RepeatMasker
Overview
RepeatMasker is a program that screens DNA sequences for interspersed repeats and low complexity DNA sequences.
Version 4.0.9 (patch 2) is available on the CSF3.
Restrictions on use
This software is opensource.
Set up procedure
To access the software you must first load the modulefile:
module load apps/gcc/repeatmasker/4.0.9.p2
Running the application
Please do not run RepeatMasker on the login node. Jobs should be submitted to the compute nodes via batch.
Parallel batch job submission
Make sure you have the modulefile loaded then create a batch submission script, for example:
#!/bin/bash #$ -S /bin/bash #$ -V #$ -cwd #$ -pe smp.pe 4 RepeatMasker -pa $[NSLOTS / 2] sample.fas
Important notes:
- By default, RepeatMasker will start 2 threads for every CPU in the node resulting in badly overloaded nodes which will cause your jobs and those of others running on the same node to run inefficiently. Users must prevent this behavior by setting -pa N where N is equal to the number of allocated CPUs divided by 2.

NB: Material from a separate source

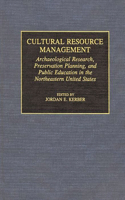 Cultural Resource Management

- In -pa N, “N” must always be greater than or equal to 2; -pa 1 causes RepeatMasker to run as though the -pa option was not specified and to start 2 threads for each CPU.
- In the above example we use
$[NSLOTS / 2]
which automatically take the number specified on the smp.pe line and divides it by two.
Submit the jobscript using:
qsub scriptname
where scriptname is the name of your jobscript.